## Exercise objective:
Once you have read the data below, print all of it exactly.

Task input: Begin

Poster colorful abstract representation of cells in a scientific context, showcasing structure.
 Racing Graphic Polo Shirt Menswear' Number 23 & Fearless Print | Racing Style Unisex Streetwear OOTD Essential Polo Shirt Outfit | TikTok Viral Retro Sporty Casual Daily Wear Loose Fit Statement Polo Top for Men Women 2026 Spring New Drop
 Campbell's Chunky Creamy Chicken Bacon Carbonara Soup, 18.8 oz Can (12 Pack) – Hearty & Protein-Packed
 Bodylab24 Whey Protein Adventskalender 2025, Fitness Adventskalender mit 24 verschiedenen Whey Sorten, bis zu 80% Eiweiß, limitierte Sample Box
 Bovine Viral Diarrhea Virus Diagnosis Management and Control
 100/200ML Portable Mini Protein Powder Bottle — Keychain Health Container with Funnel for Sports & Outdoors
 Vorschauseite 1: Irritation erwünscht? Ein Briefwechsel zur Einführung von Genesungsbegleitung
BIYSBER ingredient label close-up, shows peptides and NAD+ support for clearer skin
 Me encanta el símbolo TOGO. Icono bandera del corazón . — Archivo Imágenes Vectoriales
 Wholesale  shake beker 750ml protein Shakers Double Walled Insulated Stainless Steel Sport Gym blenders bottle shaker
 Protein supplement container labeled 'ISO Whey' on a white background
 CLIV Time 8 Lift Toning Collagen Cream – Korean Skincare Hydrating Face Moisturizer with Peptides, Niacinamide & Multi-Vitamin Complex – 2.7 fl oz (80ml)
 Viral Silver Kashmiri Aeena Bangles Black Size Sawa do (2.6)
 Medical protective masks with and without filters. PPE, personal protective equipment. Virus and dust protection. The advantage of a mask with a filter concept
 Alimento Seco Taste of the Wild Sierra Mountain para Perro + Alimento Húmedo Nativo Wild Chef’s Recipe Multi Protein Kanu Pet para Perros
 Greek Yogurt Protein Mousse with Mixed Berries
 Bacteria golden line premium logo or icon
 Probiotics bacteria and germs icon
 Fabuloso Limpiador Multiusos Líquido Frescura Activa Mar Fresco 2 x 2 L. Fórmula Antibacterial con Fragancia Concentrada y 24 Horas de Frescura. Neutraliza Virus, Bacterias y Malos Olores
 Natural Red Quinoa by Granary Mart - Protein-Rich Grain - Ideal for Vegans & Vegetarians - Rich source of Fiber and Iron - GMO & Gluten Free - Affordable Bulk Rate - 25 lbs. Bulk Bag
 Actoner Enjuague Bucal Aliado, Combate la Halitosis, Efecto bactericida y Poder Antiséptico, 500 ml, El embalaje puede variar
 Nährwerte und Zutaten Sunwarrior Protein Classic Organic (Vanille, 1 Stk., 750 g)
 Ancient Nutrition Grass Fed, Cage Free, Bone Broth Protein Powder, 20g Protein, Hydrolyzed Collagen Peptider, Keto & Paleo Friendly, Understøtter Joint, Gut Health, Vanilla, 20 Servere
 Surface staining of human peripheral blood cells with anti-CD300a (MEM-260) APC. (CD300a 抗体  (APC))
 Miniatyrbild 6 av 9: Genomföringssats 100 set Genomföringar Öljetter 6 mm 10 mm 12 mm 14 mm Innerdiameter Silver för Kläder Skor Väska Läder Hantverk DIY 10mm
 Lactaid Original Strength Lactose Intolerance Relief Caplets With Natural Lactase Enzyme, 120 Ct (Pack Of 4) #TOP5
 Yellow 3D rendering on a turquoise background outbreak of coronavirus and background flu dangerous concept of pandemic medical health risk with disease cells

Task input: End

## Answer to this exercise:
Poster colorful abstract representation of cells in a scientific context, showcasing structure.
 Racing Graphic Polo Shirt Menswear' Number 23 & Fearless Print | Racing Style Unisex Streetwear OOTD Essential Polo Shirt Outfit | TikTok Viral Retro Sporty Casual Daily Wear Loose Fit Statement Polo Top for Men Women 2026 Spring New Drop
 Campbell's Chunky Creamy Chicken Bacon Carbonara Soup, 18.8 oz Can (12 Pack) – Hearty & Protein-Packed
 Bodylab24 Whey Protein Adventskalender 2025, Fitness Adventskalender mit 24 verschiedenen Whey Sorten, bis zu 80% Eiweiß, limitierte Sample Box
 Bovine Viral Diarrhea Virus Diagnosis Management and Control
 100/200ML Portable Mini Protein Powder Bottle — Keychain Health Container with Funnel for Sports & Outdoors
 Vorschauseite 1: Irritation erwünscht? Ein Briefwechsel zur Einführung von Genesungsbegleitung
BIYSBER ingredient label close-up, shows peptides and NAD+ support for clearer skin
 Me encanta el símbolo TOGO. Icono bandera del corazón . — Archivo Imágenes Vectoriales
 Wholesale  shake beker 750ml protein Shakers Double Walled Insulated Stainless Steel Sport Gym blenders bottle shaker
 Protein supplement container labeled 'ISO Whey' on a white background
 CLIV Time 8 Lift Toning Collagen Cream – Korean Skincare Hydrating Face Moisturizer with Peptides, Niacinamide & Multi-Vitamin Complex – 2.7 fl oz (80ml)
 Viral Silver Kashmiri Aeena Bangles Black Size Sawa do (2.6)
 Medical protective masks with and without filters. PPE, personal protective equipment. Virus and dust protection. The advantage of a mask with a filter concept
 Alimento Seco Taste of the Wild Sierra Mountain para Perro + Alimento Húmedo Nativo Wild Chef’s Recipe Multi Protein Kanu Pet para Perros
 Greek Yogurt Protein Mousse with Mixed Berries
 Bacteria golden line premium logo or icon
 Probiotics bacteria and germs icon
 Fabuloso Limpiador Multiusos Líquido Frescura Activa Mar Fresco 2 x 2 L. Fórmula Antibacterial con Fragancia Concentrada y 24 Horas de Frescura. Neutraliza Virus, Bacterias y Malos Olores
 Natural Red Quinoa by Granary Mart - Protein-Rich Grain - Ideal for Vegans & Vegetarians - Rich source of Fiber and Iron - GMO & Gluten Free - Affordable Bulk Rate - 25 lbs. Bulk Bag
 Actoner Enjuague Bucal Aliado, Combate la Halitosis, Efecto bactericida y Poder Antiséptico, 500 ml, El embalaje puede variar
 Nährwerte und Zutaten Sunwarrior Protein Classic Organic (Vanille, 1 Stk., 750 g)
 Ancient Nutrition Grass Fed, Cage Free, Bone Broth Protein Powder, 20g Protein, Hydrolyzed Collagen Peptider, Keto & Paleo Friendly, Understøtter Joint, Gut Health, Vanilla, 20 Servere
 Surface staining of human peripheral blood cells with anti-CD300a (MEM-260) APC. (CD300a 抗体  (APC))
 Miniatyrbild 6 av 9: Genomföringssats 100 set Genomföringar Öljetter 6 mm 10 mm 12 mm 14 mm Innerdiameter Silver för Kläder Skor Väska Läder Hantverk DIY 10mm
 Lactaid Original Strength Lactose Intolerance Relief Caplets With Natural Lactase Enzyme, 120 Ct (Pack Of 4) #TOP5
 Yellow 3D rendering on a turquoise background outbreak of coronavirus and background flu dangerous concept of pandemic medical health risk with disease cells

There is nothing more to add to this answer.